Uno de los grandes temas subyacentes en casi cualquier consejo sobre fertilidad es que tienes muchas más posibilidades de embarazarte si, en general, gozas de la mejor salud física posible. Por eso se recomienda reducir el consumo de tabaco, alcohol y cafeína, y por eso es tan importante realizar una cantidad moderada, pero no excesiva, de ejercicio.

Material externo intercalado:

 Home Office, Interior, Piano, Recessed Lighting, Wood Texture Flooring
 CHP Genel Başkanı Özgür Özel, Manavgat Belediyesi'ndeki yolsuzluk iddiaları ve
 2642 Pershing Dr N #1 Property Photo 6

Cómo puede afectar la hidratación a la fertilidad
Nuestra salud general es fundamental para la fertilidad. Contar con una base de salud sólida marca una gran diferencia cuando intentas embarazarte, y mantenerte hidratada es uno de esos hábitos saludables que pueden marcar la diferencia. La deshidratación puede provocar un recuento bajo de espermatozoides, así como una disminución de la salud de los óvulos, por lo que no solo es importante que tú te mantengas hidratada, sino también tu pareja o el donante. La hidratación también influye en la regulación hormonal, que es clave para la fertilidad, y en la producción de moco cervical.

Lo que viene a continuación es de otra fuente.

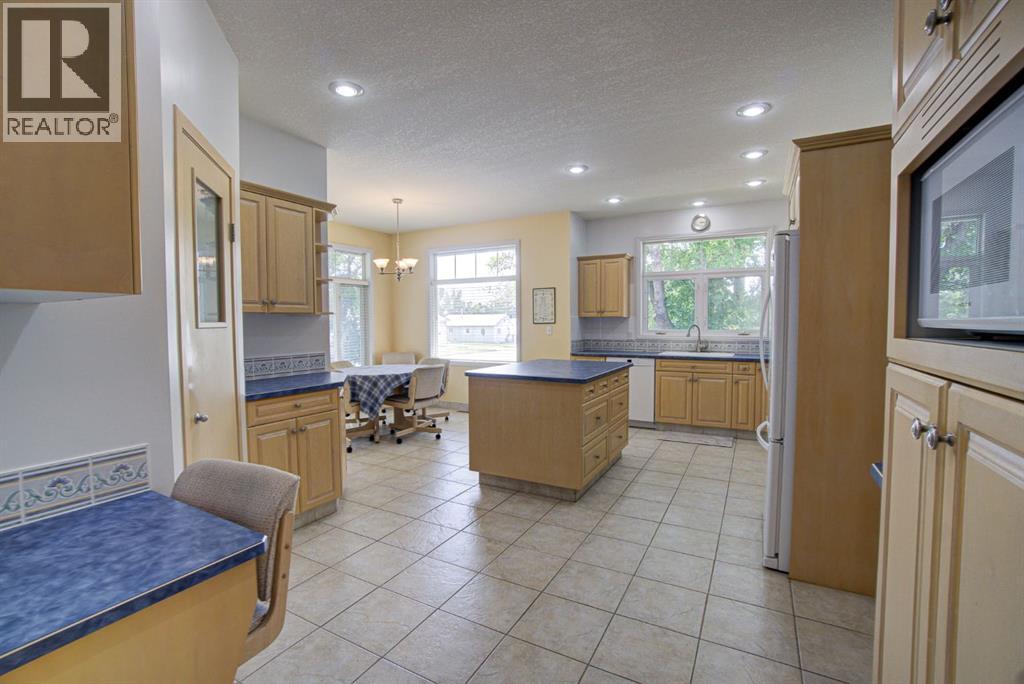 224 52 Avenue W - Image 5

La hidratación no tiene por qué provenir únicamente del agua, si no te gusta el sabor del agua sola. Puedes probar a añadir sabor al agua con un chorrito de limón u otras frutas, lo que puede hacer que tu hidratación sea mucho más sabrosa. Muchas frutas y verduras crudas también son ricas en agua, por lo que añadir una mayor variedad de frutas y verduras a tu dieta también puede ayudarte a dar un paso adelante a la hora de potenciar tu fertilidad a través de la nutrición.